Take the plot of any Final Fantasy game—we always have our spiky-haired leader with a giant sword, some dude named Cid, chocobos, moogles, and many more similarities. The games also give us some evil force attempting to wipe out all of humanity. But another thing the narratives also have in common is an all-powerful, corrupt organization or government that controls the world. In Final Fantasy VII, this was the Shinra company. In FFXII, it was the invading country of Archadia. In FFXIII, we have the Sanctum. And in Final Fantasy X, our corrupt organization is Yevon, the leading religion in the world of Spira.
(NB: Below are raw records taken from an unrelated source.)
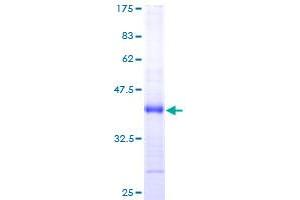NDUFS6 Protein (AA 1-124) (GST tag)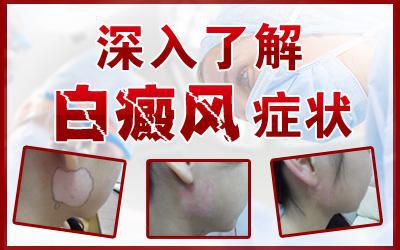白癜风早期症状有哪些？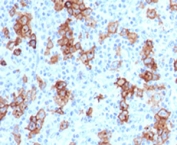 IHC testing of FFPE human Hodgkin's lymphoma and CD30 antibody (clone CDLA30-1).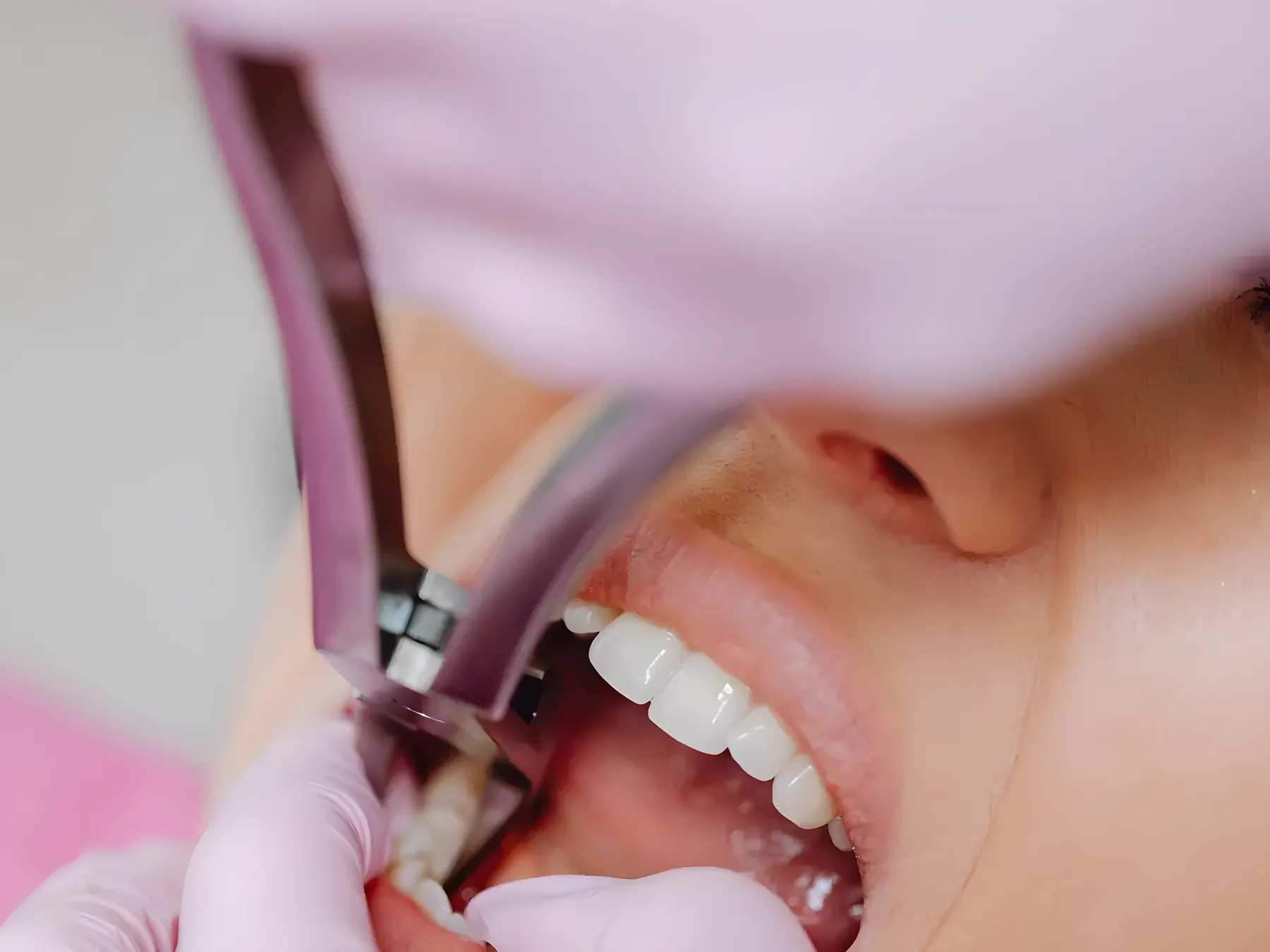 Patient undergoing a gentle tooth extraction procedure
Final Fantasy uses a lot of mythology, and it’s not always accurate to the religions it borrows from. In other ways, the games do an immensely wonderful job with different faiths. Final Fantasy X
is one of these games. FFX opens up a discussion about religion that we as consumers probably need. While Final Fantasy does have both good and bad religious representation, the games are not shy about criticizing the faiths they borrow from.
I wouldn’t say that the Final Fantasy games are being overtly anti-religious in any game. Or, at the very least, I wouldn’t say that the games are specifically created with an anti-religious agenda. Final Fantasy’s big thing, though, is that it criticizes people with power, and religion is just one avenue through which it does so.